View Single Post
  #93  
Old 12-09-2004, 07:37 PM
Cap'n's Avatar
Cap'n Cap'n is offline
Member
 
Join Date: Apr 2004
Location: Calgary
Posts: 471
Cap'n is on a distinguished road
Default

Quote:
Originally Posted by Fish
Thanks Albert.

And Cap'n - I don't want to start rumers so I should clarify. Those stats apply strictly to the infantry. Firing and killing rates have always been higher among the airforce (due to physical distance from the victim), and artillery (due to shared responsiblity and group absolution of these "teamwork" weapons). Also does not apply to some of the horrible attrocities and ethnic war crimes (due to moral distance from the victim).
I have seen lectures given by Grossman and he compares our aversion to harming each other to horned animals that fight members of their own species by ramming head-on against the stongest part of their oponent's body but who will attact a member of another species from the side with a horn in their belly. Piranas hit each other with their tails but will set their teeth to anything else that hits the water, and the only animal a rattlesnake will not bite is another rattlesnake.
In his conclusion he points out that the same techniques used to "take the safety catch off" of modern soldiers to make them more efficient, are present in the media and videogames our children are watching and playing.
Now there's a scary thought for you to think about Bev .

- Chad
Thanks for the clarification and further info. I can easily see how proximity to the victims would play a huge role in the ease of killing the target. Imagine what had to hand combat must have been like for the foot soldiers before the intruduction of firearms. Great cross-references from nature as well.

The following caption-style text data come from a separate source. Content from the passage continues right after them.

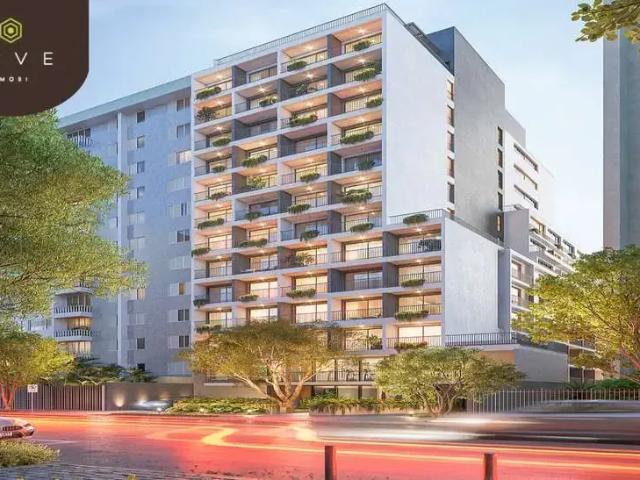 Kitnet venda em Região Geográfica Imediata de Curitiba, Região Metropolitana de Curitiba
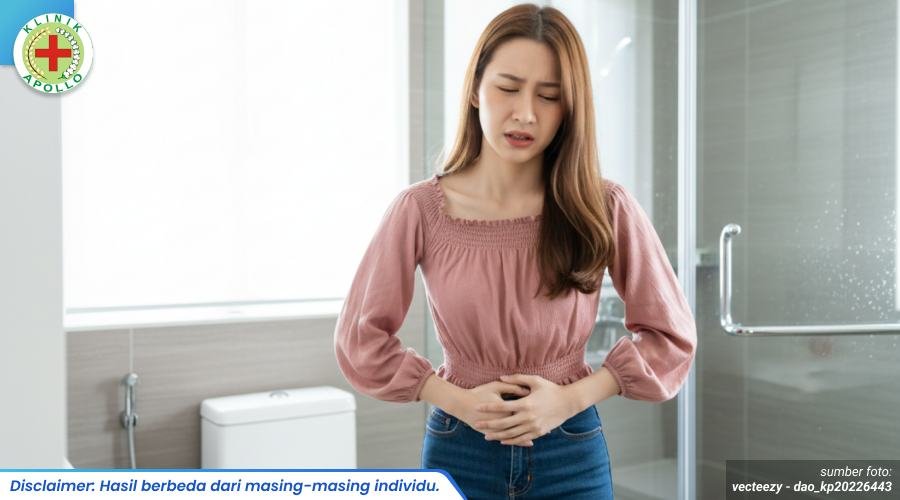 penyakit kelamin akibat jamur 1_5_11zon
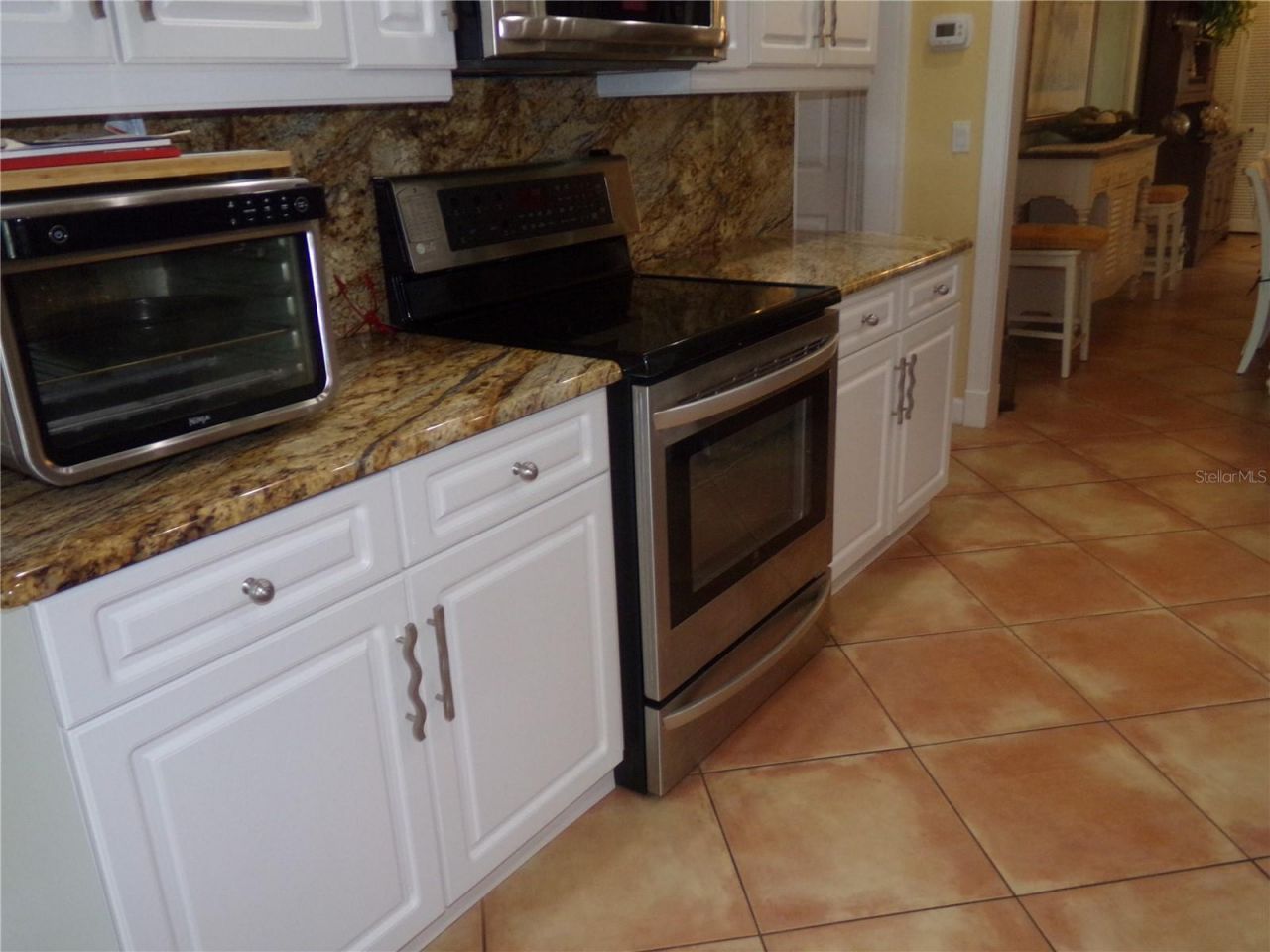 9312 Kingston Road, Bradenton, FL 34210 Photo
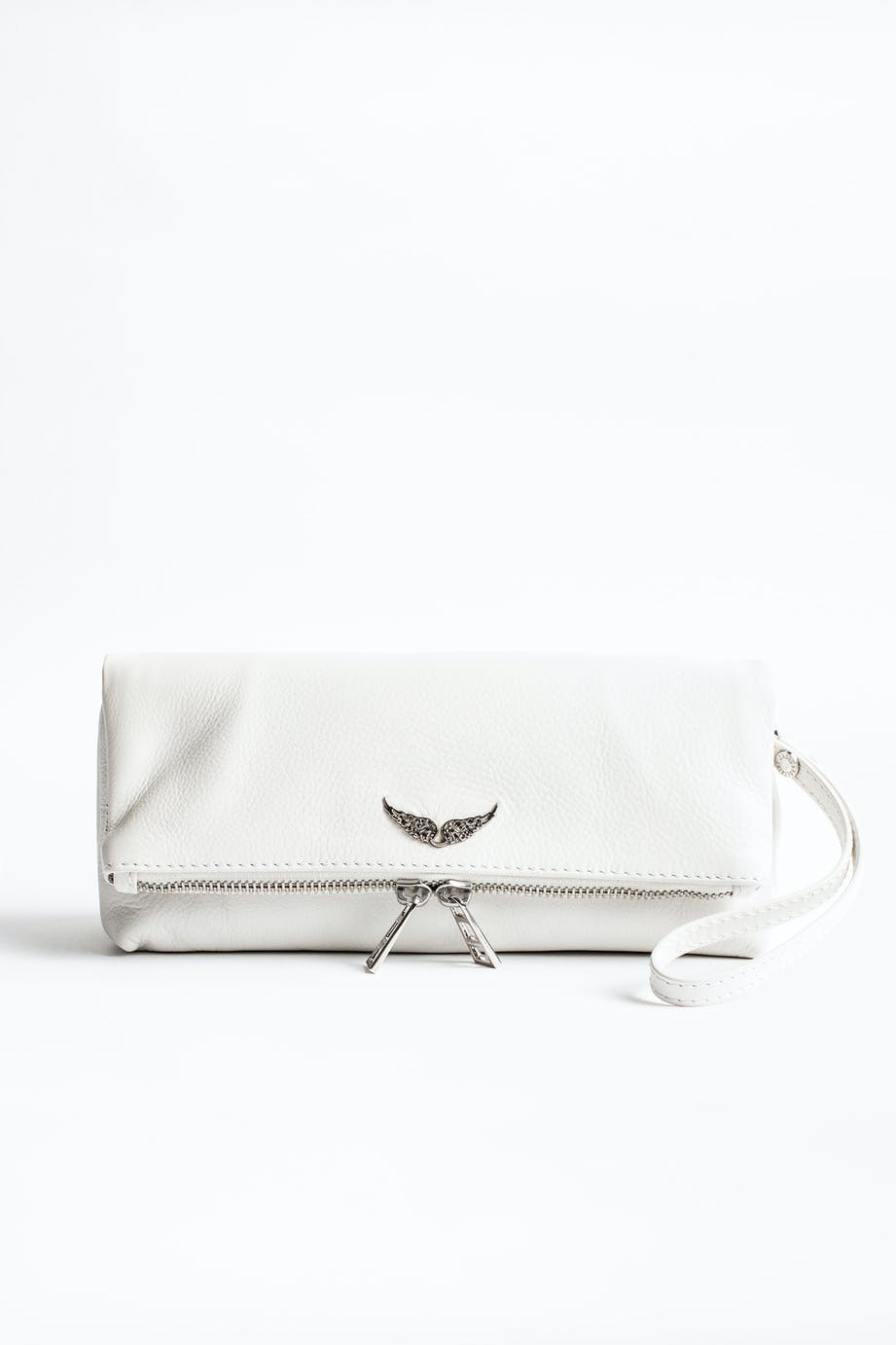 Rocky Crush wallet | Zadig et Voltaire (US)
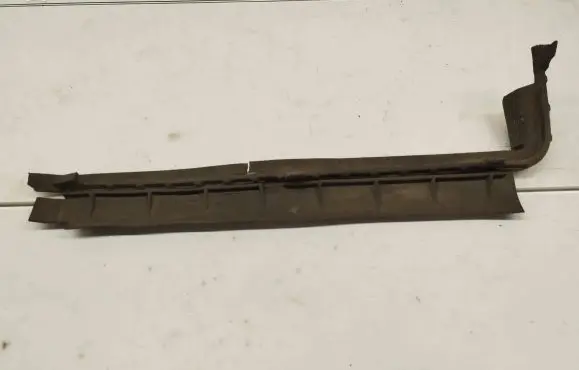 Mercedes-Benz E W124 Headlight part 1248260580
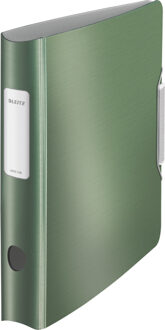 180° Active Style Ordner Groen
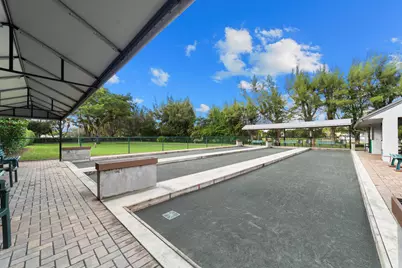 14897 Bal Moral Lane #206, Delray Beach, FL 33446 - Photo 49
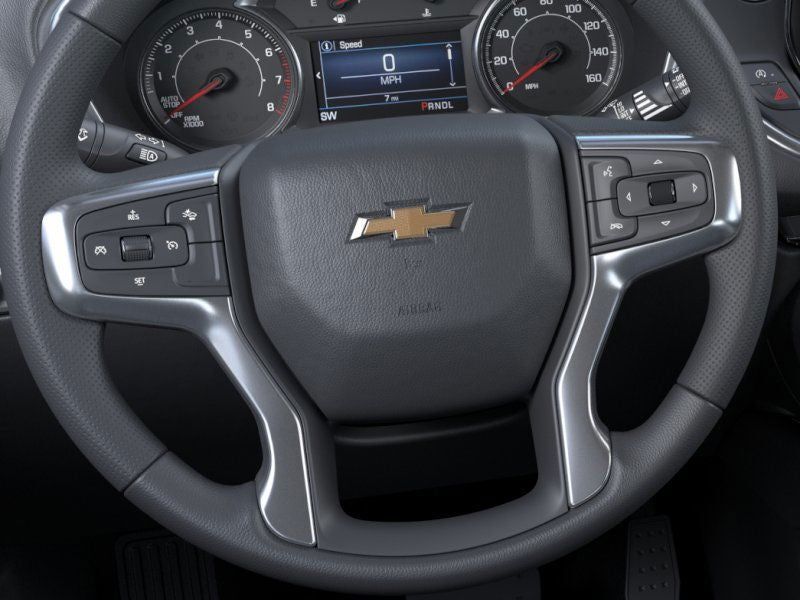 2024 Chevrolet Blazer LT Jersey City NJ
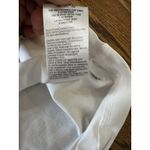 Adidas M Women’s Athletic Workout Shirt V Neck Top Activewear Gym Coral Y2K Photo 6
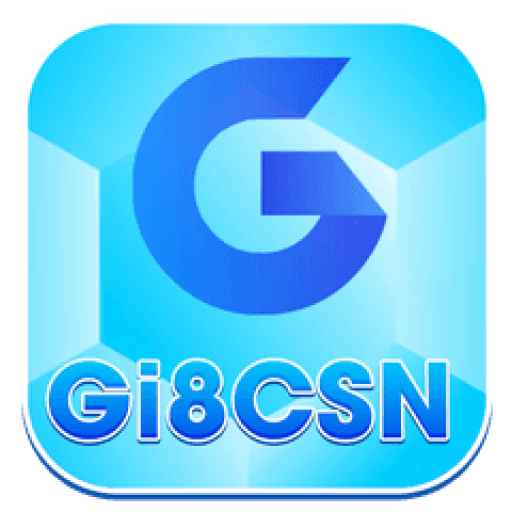 gi8csncomzh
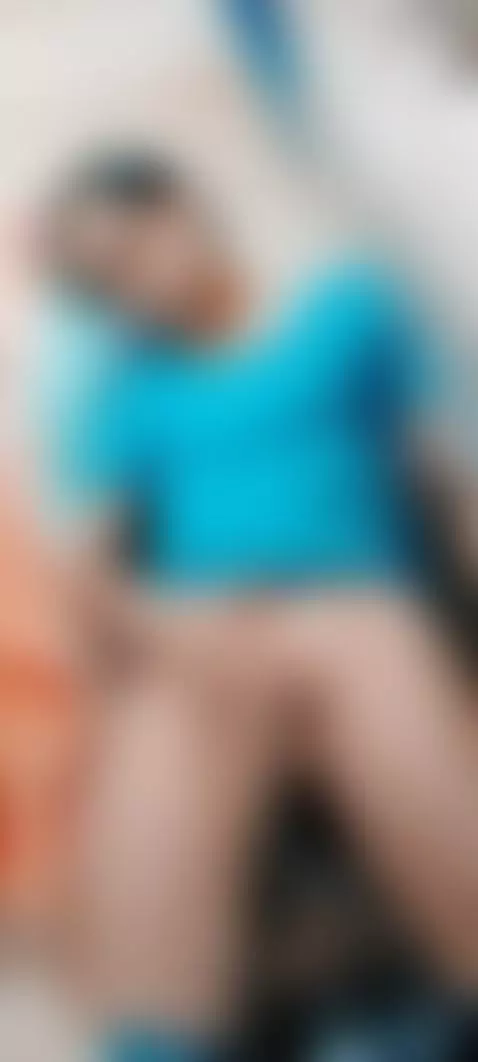 😎🍌🍑Sexy Boy's Dick And Ass🍑🍌😎 by alexhotporn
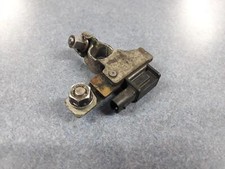 SUBARU OUTBACK 08/2014-12/2020 BATTERY NEGATIVE TERMINAL SENSOR 
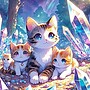 Cute Games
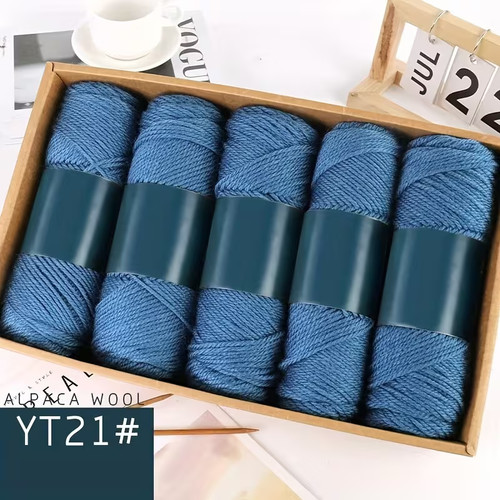 Alpaka wolle alpaca 100g - alpaca,
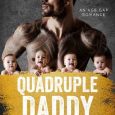 quadruple daddy kai lesy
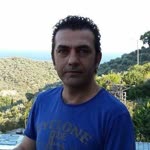 Hakan
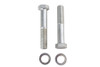 Colony - Hex Type Handlebar Riser Bolt Kit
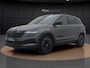 Skoda Karoq 1.5 TSI ACT Sportline Business | Navigatie | ACC | Keyless | Stuur-/Stoelverwarming | LED | Parkeerhulp |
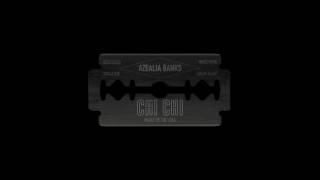 Azealia Banks - Chi Chi | Official Audio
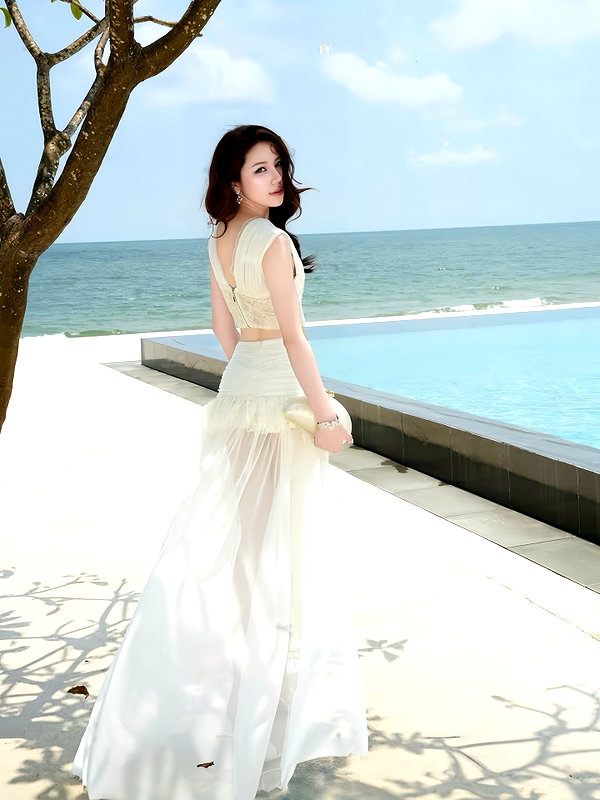 lyhythuedoxinh instagram image archive image
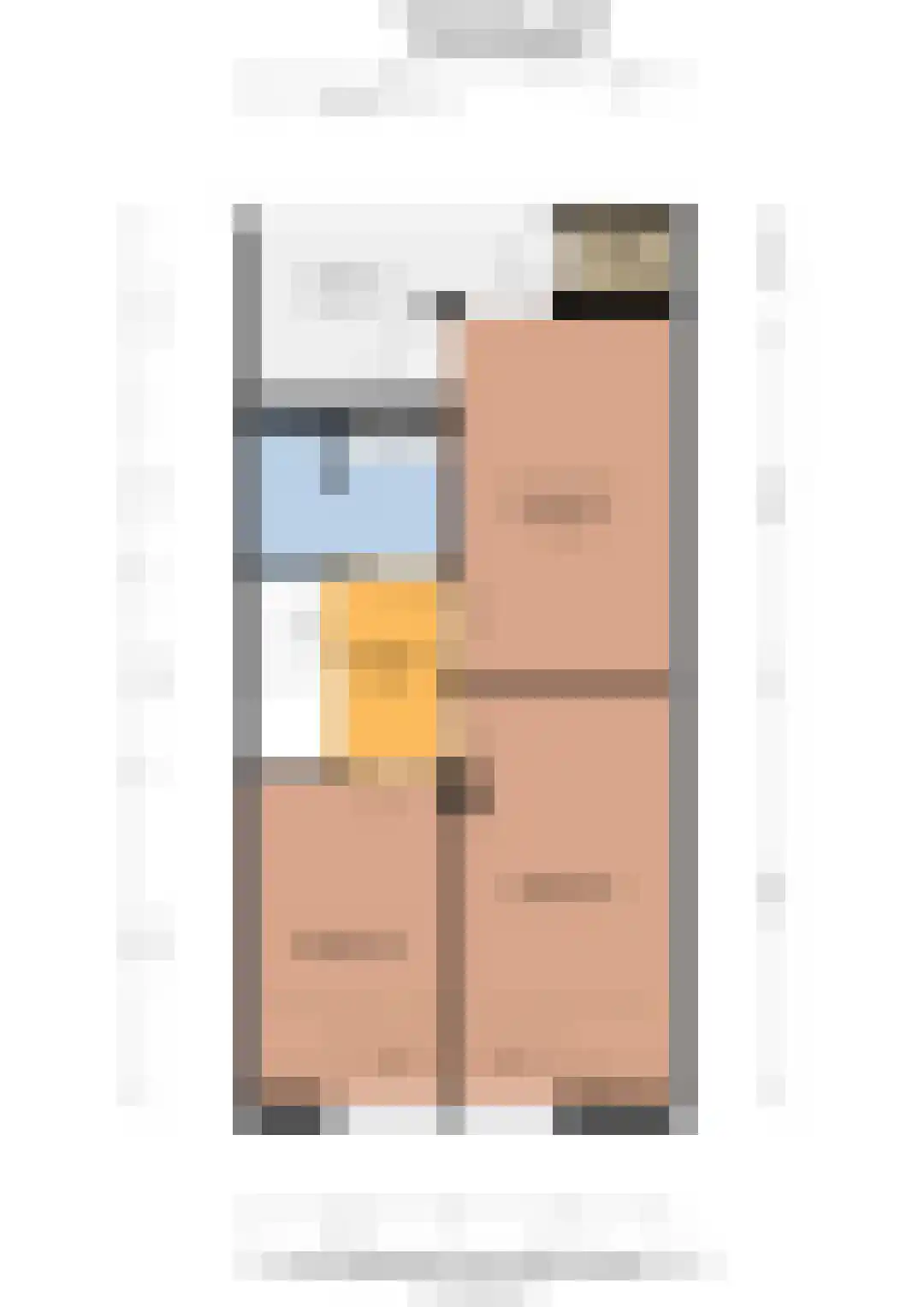 Reiderland 36 Utrecht thumbnail 56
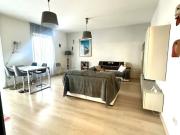 Trilocale in vendita ad Alghero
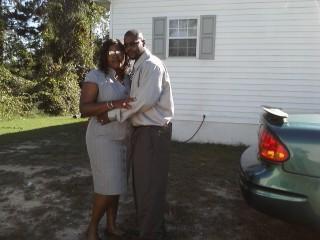 Deedee Hudson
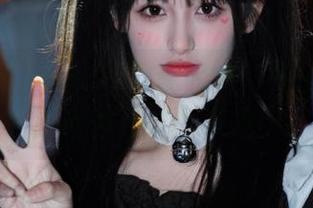 探秘51吃瓜网站，今日吃瓜话题是你必吃的乐趣！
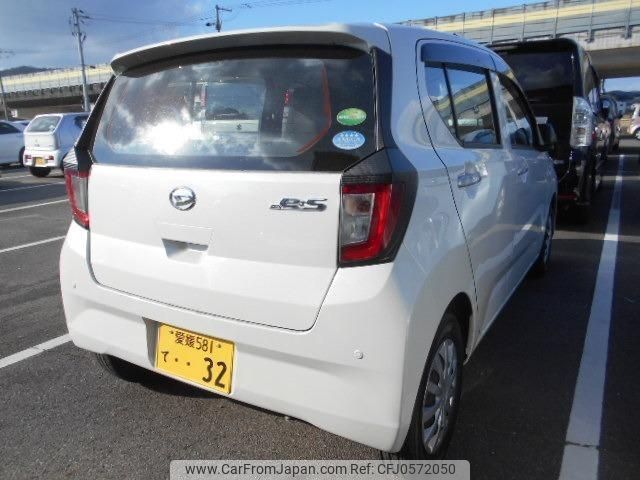 daihatsu mira-e-s 2019 -DAIHATSU--Mira e:s LA350S--LA350S-0162790---DAIHATSU--Mira e:s LA350S--LA350S-0162790- image 2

I agree with Grossman about the media and it's desensitizing effects, especially on children. Have you ever noticed in a movie theatre more people wince when a dog or cat is harmed than when a person is? I don't think this is because we care more for our pets than our fellow man, we're just used to seeing our fellow man get tortured. This is one of the reasons we don't watch TV or play violent video games in our home.

Did you see the clip of the American soldier describing how listening to music in his helmet served to take him away from the action, make it more like a video game, make it fun? That's straight out of "Starship Troopers". I mean the book, not the cheesey movie.